This article is from the Australian Property Journal archive
OFFSHORE investors and private players driven by attractive asset pricing will dominate Australian retail real estate acquisitions throughout 2023, while AREITs will likely be net sellers.
According to JLL’s Retail Investment Outlook 2023, some $6.6 billion worth of retail assets were withdrawn from the market in 2022 as the mismatch in vendor and buyer expectations widened, and the stock overhand will be a key driver of the next wave of activity given limited on-market opportunities.
“We have seen some of these assets return to the market in 2023 reflecting motivated selling as vendors aim to increase liquidity although there have been very few signs of distress to date and we don’t anticipate there to be many distressed opportunities,” the report said.
Sam Hatcher, JLL executive director, head of retail investments, said that from a valuation and pricing perspective, the retail sector continues to be increasingly attractive in comparison to other property sectors resulting in significant new sources of capital entering the sector in 2022.
“The investment market remained highly divergent as domestic and some offshore capital sources continued to selectively seek exposure to assets which were land-rich and have a potential development upside with the ability to extract value from alternate uses, namely sub-regional and large format retail assets,” he said.
JLL expects to see “strong engagement from offshore investors as they continue to build a case for investment in Australia given the value proposition relative to market fundamentals,” in 2023.
“Offshore groups, which have re-focussed on convenience retail and sub-regional centres in recent years, will potentially start to target regional centres given the correction in values to date, recovery in trading performance and leasing, and depth of alternate use opportunities which are likely to emerge.”
“After slowing the pace of acquisitions in the last few years, offshore investors have been undertaking more market and sector due diligence ahead of potential direct investments, joint ventures or equity commitments to local managers.”
Offshore investors were slight net buyers of about $171 million in 2022, but still accounted for 15% of total sales volumes. The largest sale was LaSalle Investment Managements’s $282 million acquisition of Crossroads Homemaker Centre on behalf of CalSTRS.

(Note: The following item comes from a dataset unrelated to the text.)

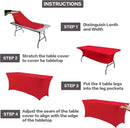 IVAPUPU 2 Pack 6FT Table Cloth for Rectangular Fitted Events Stretch Red Table Covers Washable Spandex Tablecloth Protector for Party, Wedding, Cocktail, Banquet, Festival by CozyNest Decor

Private capital re-emerged in 2022, consistent with historical trends during volatile periods such as the global financial crisis, and accounted for 33% of total volumes – the highest of all buyer types. The segment had been a net seller in eight of the previous nine years but in 2022 were net buyers of $594 million.
“Private investors are likely to account for a significant proportion of sales volumes in 2023, capitalising on opportunities as institutional capital takes pause. Core institutional capital is likely to be focused on debt management as their priority to maintain sustainable gearing and interest coverage ratios,” the report said.
Given funding challenges, AREITs are likely to remain relatively inactive throughout 2023 in terms of acquisitions and will likely be net sellers, the report said.
“Despite a drop off in activity in 2022, some AREITs stated an interest in asset recycling in their December 2022 results, while others will likely divest to repay debt and fund refurbishments to maintain conservative gearing.
“We see the divestment by AREITs driving the pipeline of opportunities for other sources of capital in 2023.”
Retail values to be resilient
The latest numbers from The Data App show deals have fallen by 41.2% annually in the three months to April, and while there was improvement in the volume and value of transactions this reflected some large assets changing hands. MSCI head of Pacific real assets research, Benjamin Martin-Henry has said price discovery has become more and more challenging for both buyers and sellers, resulting in restraint in the market.
JLL expects retail will be the most resilient asset class from a re-pricing perspective, given the reset in income and values in 2020, during the initial outbreak when compared to other sectors which maintained high asset valuations.
“Asset re-pricing remains a key theme in 2023 as the yield decompression cycle continues across sectors. More evidence of retail yield decompression is likely to emerge in 2023 but not to the same extent as some other real estate sectors given retail yields were at a higher starting point relative to the risk-free rate and lack of significant compression over recent years in most retail sub-sectors.”
According to JLL, neighbourhood centre yields have softened by 66 basis points from the low point reached in March 2022; sub-regional shopping centres are the highest yielding across all commercial property sectors and have been the most resilient, having only softened by 25 basis points in the 12 months to March, while regional yields have softened by 75 basis points, albeit over a much longer period, since 2018, with 27 basis points of movement since March 2022.
“Sales velocity” is expected to increase as 2023 progresses.
“While some owners may look to selectively divest assets to reduce debt, stabilisation in the cash rate is likely to improve investor sentiment by reducing some uncertainty around future funding costs in the medium term.
“Nevertheless, asset pricing is still recalibrating to the new cost of debt levels and there will be a lag before an adjustment is reflected in book values underpinning the retail investment proposition.
Retail spending in December 2022 was 26% above pre-pandemic levels with retail trade beating market expectations for most of 2022. Spending volumes have remained broadly stable, and inflation has resulted in higher prices and has been the main contributor to the growth in total retail spending.
“The well-flagged discretionary spending slowdown should be considered in the context of an elevated starting point and risks that have been largely priced-in to valuations over time,” JLL said.